Like Tangent I would drop the crystal but you could swap it for 5% vienna which would do the job nicely. 20% flaked rice will convert easily, never tried cooked rice.


----------



## Vlad the Pale Aler (18/7/07)

I have used rice flour from an Indian grocery store, puffed rice from a health food shop free from additves and also the flat rice flakes, all at around 10% of the grist.
I don't brew many lagers but these ones were very quaffable.

You may like to search this site for Ashers famous GT Rice Lager.


----------



## Thirsty Boy (19/7/07)

Why would rice be bad??

Its just going to be like any of the flavour neutral adjuncts. Budweiser use lots of rice in their beer and I seriously doubt if anyone could accuse that stuff of haveing any bad flavours, no flavours at all really.

No reason not to use it, but you might as well just use dextrose or sucrose, at around 20% you're basically not going ot be able to tell the difference

Or thats what I reckon anyway.

Thirsty


----------



## berapnopod (19/7/07)

Thirsty Boy said:


> Why would rice be bad??
> 
> Its just going to be like any of the flavour neutral adjuncts. Budweiser use lots of rice in their beer and I seriously doubt if anyone could accuse that stuff of haveing any bad flavours, no flavours at all really.
> 
> ...



Yep, I believe the US budweiser uses something like 40% rice in their grain bill. Certainly more than 20%.

The thing about rice is that its gelatinisation temp is quite high - something like 80C from vague memory. So you need to effectively boil the rice for a little bit to burst the grains open.

Someone said flaked rice, this should work as well (without the boiling) as the flaking process effectively bursts the grains too.

Rice is close to flavour neutral, so its effectively adding just alcohol. I find it much more flavour neutral than sugar.

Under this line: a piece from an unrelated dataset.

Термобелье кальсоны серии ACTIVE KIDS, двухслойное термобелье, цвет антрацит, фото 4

I know there are recipes out there for making a beer with rice. Just can't find them at the moment, but Jeff Renner on the HBD has done this sort of stuff, and is a well known expert on adjunct beers.


Berp.


----------



## afromaiko (19/7/07)

Check out the Clone Brews book, there are a few recipes in there for Kirin, Asahi and Tsing Tao.


----------



## MHB (19/7/07)

I believe a lot of the Asian beers we see have really high adjunct levels, some well over the 40% mark.

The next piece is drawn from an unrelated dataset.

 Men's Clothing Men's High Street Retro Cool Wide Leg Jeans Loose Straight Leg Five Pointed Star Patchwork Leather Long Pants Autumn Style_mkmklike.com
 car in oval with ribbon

If you want that use that much I would strongly recommend using an enzyme additive Promalt 163 is particularly good for high rice beers, tho Amylo 300 is more available and would certainly help.

If I were starting out to try and make this style of beer, I would keep the grain bill as simple as possible, say 60% pilsner malt and 40% cooked rice, with the enzyme above. Mash at the optimum for the enzyme you choose then jump up to mid to high 70's.

Keep the bitterness low 16-20 IBU and not use any taste or aroma additions.

Some people have reported good outcomes with SW 34/70, at the higher end of the temperature range, followed by very cold (-1C) lagering for 7-10 days.

Most Asian beers I have tasted - well all I get is dextrins and DMS, not my favourite style, but an interesting take on beer.

MHB


----------



## bigholty (19/7/07)

Thanks for all the comments people, I might look at getting some flaked rice instead and maybe some enzyme. The focus seems to be the dryness, and neutral flavours, avoiding malt and hop flavours. Seems like I'm going to be trying to make soda water!! I'll post on the eventual results, cheers.


----------



## Thirsty Boy (20/7/07)

Would puffed rice do the trick... ie: Rice bubbles?

Pre-gelatinised for sure.

TB


----------



## Ross (20/7/07)

I've used rice & corn (both flaked) many times & up to 30% they convert in a normal mash without any worries at all. In fact Screwtop uses plain corn & gets it to convert in a normal mash without boiling.
The corn gives a more rounded finish to the beer & subdues the hops, whereas the rice gives a really crisp finish that accentuates the hops in both aroma & taste. I love using approx 10% rice in a lager & rarely make one without these days.

cheers Ross


----------



## Steve Lacey (20/7/07)

For a start I don't think it is really fair to lump all Asian beer into Asian lagers, though I guess that is the image that dominates. Secondly, even among Asian lagers there is more diversity than the discussion seems to imagine. Some do accentuate malt, others definitely accentuate hops, though as with any mega lager, none of them are particularly high in IBUs.



bigh said:


> The focus seems to be the dryness, and neutral flavours, avoiding malt and hop flavours.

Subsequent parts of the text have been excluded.